Task prompt: When you copy from the entries that follow, take only the lines from the one with "White 2015 Lexus GS 350 Base" down to the one with "国际急救日是哪一天（今年是第几个国际急救日）", keeping both ends and dropping every picture.

Given information:
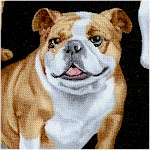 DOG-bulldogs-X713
---
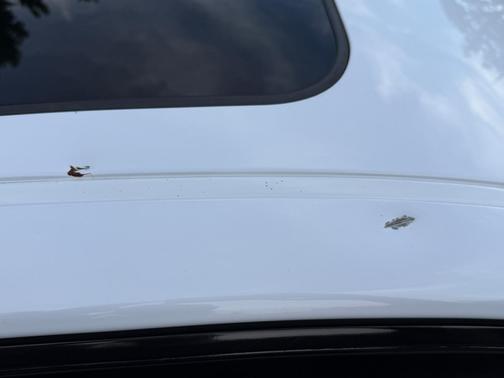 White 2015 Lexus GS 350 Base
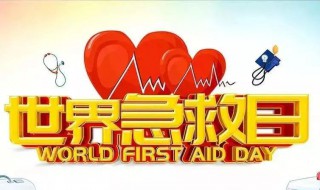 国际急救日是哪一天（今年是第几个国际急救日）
---
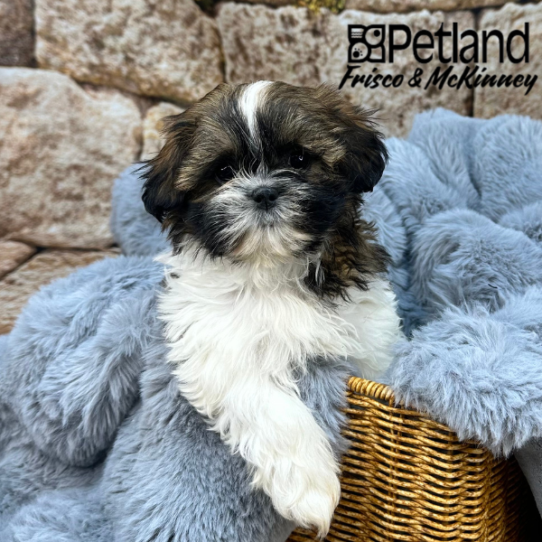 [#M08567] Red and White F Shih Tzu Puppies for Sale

Written answer:
 White 2015 Lexus GS 350 Base
 国际急救日是哪一天（今年是第几个国际急救日）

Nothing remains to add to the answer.